You may feel that your aging parent is no longer safe in the home they have been living in for many years. Or, you may think your parent has become isolated since their spouse died and would be happier living with people in closer proximity. But you may be uncertain about how to approach the conversation with them.

It can be very challenging to talk to an aging relative about the possible need to move from their current residence to a new home.



Here are some tips for starting the conversation with someone who does not have significant cognitive decline.

  1. Before having the conversation, think about all of the reasons they may not want to move. Then determine if you can find solutions for some of their concerns. For example, if they are concerned about meeting people or about how their routine will change, give some thought to how you might be able to assist them with this. Anticipating their concerns prior to talking to your aging relative may help you be more relaxed and more emotionally present when talking to them.

  2. When you do decide to talk with them, begin by acknowledging how difficult the conversation is for both of you. As appropriate, acknowledge their concerns about moving right from the start.

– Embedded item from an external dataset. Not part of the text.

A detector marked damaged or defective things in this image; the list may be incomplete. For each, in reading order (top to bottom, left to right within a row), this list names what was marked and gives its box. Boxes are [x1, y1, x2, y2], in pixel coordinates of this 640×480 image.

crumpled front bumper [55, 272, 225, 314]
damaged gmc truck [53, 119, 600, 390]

For example, you may say something like, “Mom, I know you have lived in this house for 40 years and you have loved living here, so I know that thinking about living anywhere else is probably very, very difficult. And I want you to know that this conversation is difficult for me to have, too. Because I know that talking about change always brings up mixed emotions.”

  3. Then explain why you think it is such an important conversation to have. Again, you might say something like, “even though it is very hard for both of us to talk about the possibility of you moving, I really think it is important we do so now because I am starting to worry about your safety in this house given your recent falls.”

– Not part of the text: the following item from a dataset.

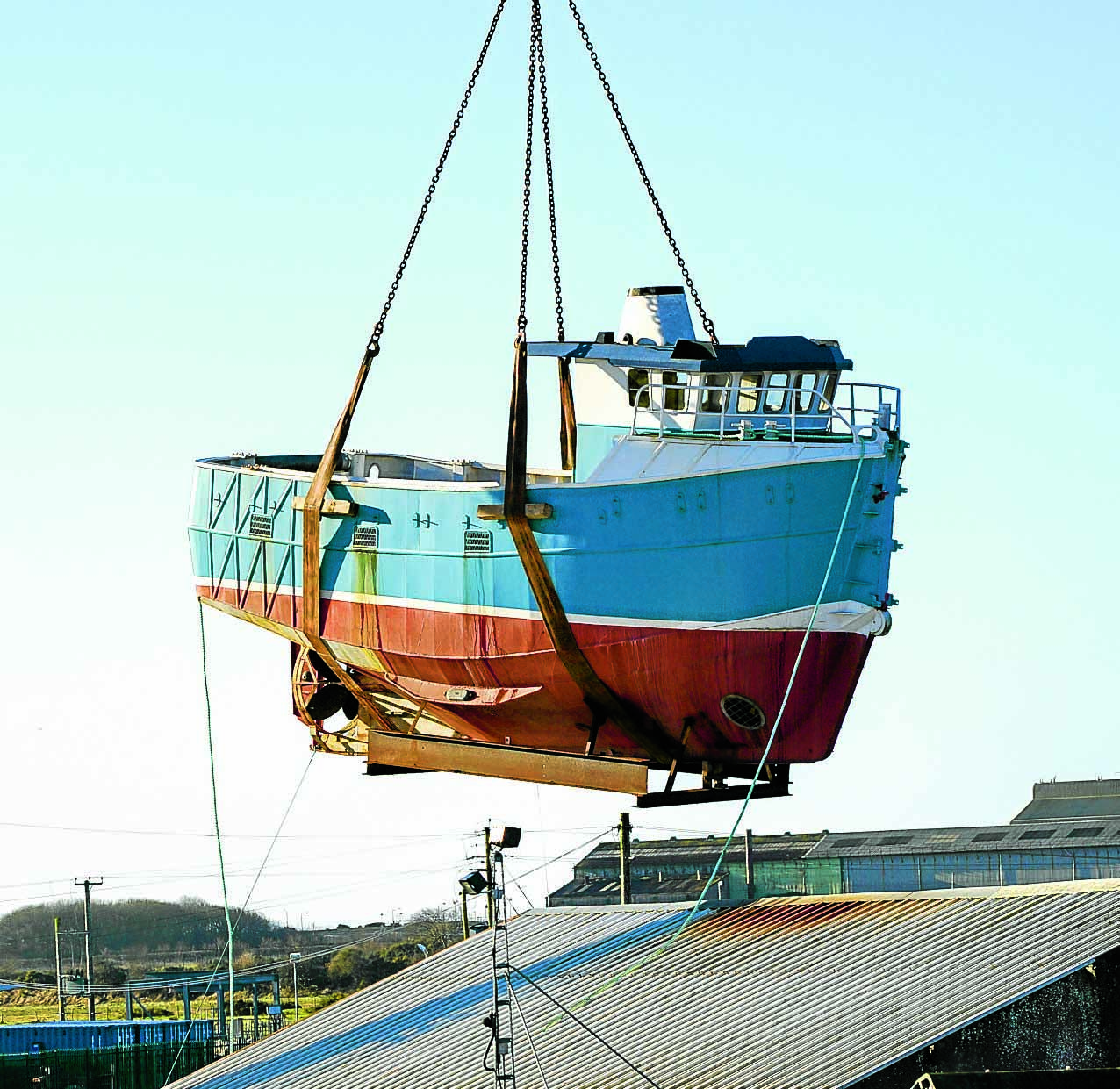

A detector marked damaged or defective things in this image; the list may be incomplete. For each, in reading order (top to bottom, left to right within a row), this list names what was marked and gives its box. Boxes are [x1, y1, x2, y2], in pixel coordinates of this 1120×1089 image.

rusty roof panel [169, 877, 1120, 1087]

  4. Reassure them that your number one goal is their happiness and their safety; you are not trying to take over their lives. Saying something like, “my goal is to help you maintain your independence and freedom; and sometimes a move actually increases people’s freedom,” can help to ease their concern. You might want to share an example of someone who moved and experienced an increase in freedom. Personally, I know countless examples of this. Recently I was chatting with a man who, along with his wife, had decided to sell their home of 30 years and move into assisted living. He told me that now that they are free from the responsibilities of cooking and maintaining their home, they are doing more of the things they enjoy and spending more time with friends.

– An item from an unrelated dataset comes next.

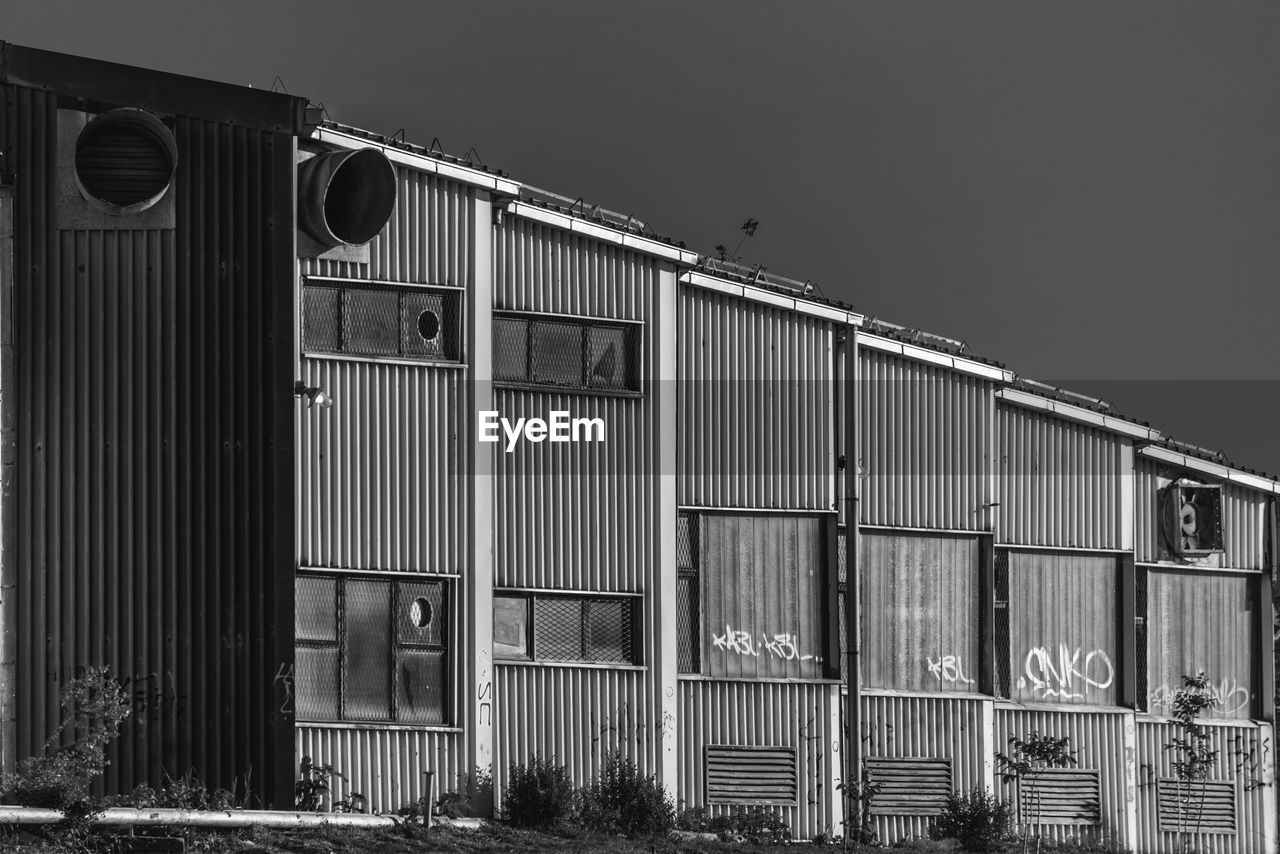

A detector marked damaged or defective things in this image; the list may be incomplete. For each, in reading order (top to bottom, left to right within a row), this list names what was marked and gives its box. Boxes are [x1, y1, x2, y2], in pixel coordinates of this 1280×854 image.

  5. Ask them for their concerns about moving and help them come up with solutions that would work for them. Or, tell them the things you were wondering if they were concerned about and share your thoughts about how you might help them resolve these concerns. This will demonstrate that you truly are thinking about this from their viewpoint.

  6. Remember to be gentle, to frame the situation from their perspective, and to avoid trying to prove them wrong or prove why they “have to” move. Think about how you would feel if someone approached you that way. Remember, the goal is for them to feel in control of their lives and for you to support their independence. The most important part of this conversation is tone of voice and body language. Even if you say all of the right words but your tone conveys that you are trying to push them into a decision, they will respond to your tone rather than your words.


Although these conversations can be challenging, with a little preparation and a respectful and compassionate perspective, you may find that your aging relative is grateful for the opportunity to think through what is best for them with someone who they trust and who they know has their best interest at heart.